▽
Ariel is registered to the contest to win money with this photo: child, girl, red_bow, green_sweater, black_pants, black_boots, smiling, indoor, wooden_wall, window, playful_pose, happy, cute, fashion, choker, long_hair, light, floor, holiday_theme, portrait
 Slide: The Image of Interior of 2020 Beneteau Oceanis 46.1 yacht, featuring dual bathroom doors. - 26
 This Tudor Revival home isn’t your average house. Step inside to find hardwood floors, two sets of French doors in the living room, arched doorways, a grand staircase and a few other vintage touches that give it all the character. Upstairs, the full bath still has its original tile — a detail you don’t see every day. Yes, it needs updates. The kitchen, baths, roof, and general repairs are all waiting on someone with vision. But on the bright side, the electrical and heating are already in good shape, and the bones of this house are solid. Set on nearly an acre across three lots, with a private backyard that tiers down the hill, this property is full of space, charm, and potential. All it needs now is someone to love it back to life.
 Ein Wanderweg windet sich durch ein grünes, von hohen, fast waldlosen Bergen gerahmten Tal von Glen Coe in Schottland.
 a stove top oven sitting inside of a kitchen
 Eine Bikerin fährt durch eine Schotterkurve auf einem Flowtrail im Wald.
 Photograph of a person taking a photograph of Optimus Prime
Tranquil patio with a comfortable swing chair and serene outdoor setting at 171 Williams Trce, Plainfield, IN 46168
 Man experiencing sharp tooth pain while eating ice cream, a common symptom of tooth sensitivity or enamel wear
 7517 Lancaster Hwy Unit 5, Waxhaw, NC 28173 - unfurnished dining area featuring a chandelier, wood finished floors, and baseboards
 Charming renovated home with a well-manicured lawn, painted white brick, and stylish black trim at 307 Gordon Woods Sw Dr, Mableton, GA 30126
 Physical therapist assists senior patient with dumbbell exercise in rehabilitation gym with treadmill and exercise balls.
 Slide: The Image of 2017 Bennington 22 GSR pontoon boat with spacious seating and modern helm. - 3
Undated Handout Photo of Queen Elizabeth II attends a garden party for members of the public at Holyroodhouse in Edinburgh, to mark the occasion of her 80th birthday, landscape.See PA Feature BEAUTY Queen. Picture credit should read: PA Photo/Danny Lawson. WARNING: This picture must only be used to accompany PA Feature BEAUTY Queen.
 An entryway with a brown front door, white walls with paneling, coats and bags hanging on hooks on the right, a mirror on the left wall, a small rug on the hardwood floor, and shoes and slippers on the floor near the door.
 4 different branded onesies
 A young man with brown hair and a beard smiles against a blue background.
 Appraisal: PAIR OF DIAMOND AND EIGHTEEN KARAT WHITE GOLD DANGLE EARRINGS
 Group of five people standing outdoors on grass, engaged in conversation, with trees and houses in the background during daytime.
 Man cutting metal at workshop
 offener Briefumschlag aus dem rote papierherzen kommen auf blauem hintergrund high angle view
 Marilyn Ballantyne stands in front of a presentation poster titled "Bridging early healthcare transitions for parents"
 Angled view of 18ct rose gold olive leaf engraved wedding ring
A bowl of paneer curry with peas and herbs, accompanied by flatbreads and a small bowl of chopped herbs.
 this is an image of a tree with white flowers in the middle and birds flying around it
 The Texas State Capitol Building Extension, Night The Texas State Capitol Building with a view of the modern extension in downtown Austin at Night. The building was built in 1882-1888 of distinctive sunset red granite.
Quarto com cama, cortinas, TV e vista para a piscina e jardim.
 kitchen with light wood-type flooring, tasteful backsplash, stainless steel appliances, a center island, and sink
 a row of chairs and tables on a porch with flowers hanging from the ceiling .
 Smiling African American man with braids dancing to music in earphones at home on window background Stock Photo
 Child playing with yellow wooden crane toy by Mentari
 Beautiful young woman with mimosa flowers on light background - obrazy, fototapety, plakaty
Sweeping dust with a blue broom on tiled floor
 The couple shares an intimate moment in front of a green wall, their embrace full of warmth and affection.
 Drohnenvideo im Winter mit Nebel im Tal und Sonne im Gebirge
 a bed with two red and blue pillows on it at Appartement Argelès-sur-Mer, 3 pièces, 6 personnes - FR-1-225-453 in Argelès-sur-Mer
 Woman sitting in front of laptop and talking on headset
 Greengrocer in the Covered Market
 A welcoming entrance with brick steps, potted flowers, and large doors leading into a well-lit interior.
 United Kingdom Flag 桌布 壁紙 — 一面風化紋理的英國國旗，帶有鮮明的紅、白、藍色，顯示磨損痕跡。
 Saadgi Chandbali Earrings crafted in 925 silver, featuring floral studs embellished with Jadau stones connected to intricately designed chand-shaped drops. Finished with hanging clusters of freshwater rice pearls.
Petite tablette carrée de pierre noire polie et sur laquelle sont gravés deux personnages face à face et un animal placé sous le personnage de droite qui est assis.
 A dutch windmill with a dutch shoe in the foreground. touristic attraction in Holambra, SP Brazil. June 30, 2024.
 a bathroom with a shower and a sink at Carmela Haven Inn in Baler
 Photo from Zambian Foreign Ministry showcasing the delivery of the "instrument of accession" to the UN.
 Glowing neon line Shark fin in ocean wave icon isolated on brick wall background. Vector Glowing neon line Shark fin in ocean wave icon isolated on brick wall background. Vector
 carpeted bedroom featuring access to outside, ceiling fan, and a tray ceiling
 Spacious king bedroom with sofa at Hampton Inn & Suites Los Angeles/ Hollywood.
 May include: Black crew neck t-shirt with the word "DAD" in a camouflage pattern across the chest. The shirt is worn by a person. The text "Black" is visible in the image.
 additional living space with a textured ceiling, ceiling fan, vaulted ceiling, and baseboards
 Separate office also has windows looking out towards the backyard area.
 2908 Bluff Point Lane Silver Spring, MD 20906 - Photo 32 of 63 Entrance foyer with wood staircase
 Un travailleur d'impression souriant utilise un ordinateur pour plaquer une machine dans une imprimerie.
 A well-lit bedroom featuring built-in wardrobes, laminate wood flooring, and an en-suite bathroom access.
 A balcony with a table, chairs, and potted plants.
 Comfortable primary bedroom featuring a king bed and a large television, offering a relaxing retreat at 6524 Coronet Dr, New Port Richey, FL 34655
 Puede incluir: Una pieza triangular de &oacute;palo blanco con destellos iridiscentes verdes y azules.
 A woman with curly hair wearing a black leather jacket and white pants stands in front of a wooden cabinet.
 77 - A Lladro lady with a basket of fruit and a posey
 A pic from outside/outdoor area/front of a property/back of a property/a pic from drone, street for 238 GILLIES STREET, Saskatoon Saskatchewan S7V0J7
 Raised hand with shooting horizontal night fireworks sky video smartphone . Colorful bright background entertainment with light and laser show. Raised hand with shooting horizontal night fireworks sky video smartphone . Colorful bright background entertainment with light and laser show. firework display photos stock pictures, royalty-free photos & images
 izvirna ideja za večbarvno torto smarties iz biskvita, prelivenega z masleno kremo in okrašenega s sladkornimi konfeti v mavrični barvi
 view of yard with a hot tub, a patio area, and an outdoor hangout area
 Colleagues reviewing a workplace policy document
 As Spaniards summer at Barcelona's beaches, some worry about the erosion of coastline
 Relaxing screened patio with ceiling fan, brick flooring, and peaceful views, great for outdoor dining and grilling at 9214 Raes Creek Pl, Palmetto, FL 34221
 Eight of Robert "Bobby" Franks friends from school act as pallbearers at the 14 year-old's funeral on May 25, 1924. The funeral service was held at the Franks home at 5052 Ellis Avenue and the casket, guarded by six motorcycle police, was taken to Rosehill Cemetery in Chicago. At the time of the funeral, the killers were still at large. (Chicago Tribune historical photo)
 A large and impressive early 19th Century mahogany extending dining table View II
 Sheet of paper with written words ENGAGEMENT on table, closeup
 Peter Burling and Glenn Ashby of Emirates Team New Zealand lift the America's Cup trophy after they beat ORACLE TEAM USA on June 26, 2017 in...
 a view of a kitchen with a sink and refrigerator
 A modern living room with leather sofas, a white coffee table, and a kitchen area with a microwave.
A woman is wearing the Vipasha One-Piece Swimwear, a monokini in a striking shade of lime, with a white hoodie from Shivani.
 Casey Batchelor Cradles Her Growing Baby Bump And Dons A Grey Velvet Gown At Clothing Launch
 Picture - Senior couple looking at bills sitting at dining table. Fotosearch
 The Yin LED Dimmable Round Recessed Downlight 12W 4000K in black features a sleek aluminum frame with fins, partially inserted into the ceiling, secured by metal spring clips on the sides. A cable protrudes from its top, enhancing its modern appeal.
△
:: Exercise requirements ::
Nothing but the lines holding the word "Slide" should be returned from the listing above.

:: Expected answer ::
 Slide: The Image of Interior of 2020 Beneteau Oceanis 46.1 yacht, featuring dual bathroom doors. - 26
 Slide: The Image of 2017 Bennington 22 GSR pontoon boat with spacious seating and modern helm. - 3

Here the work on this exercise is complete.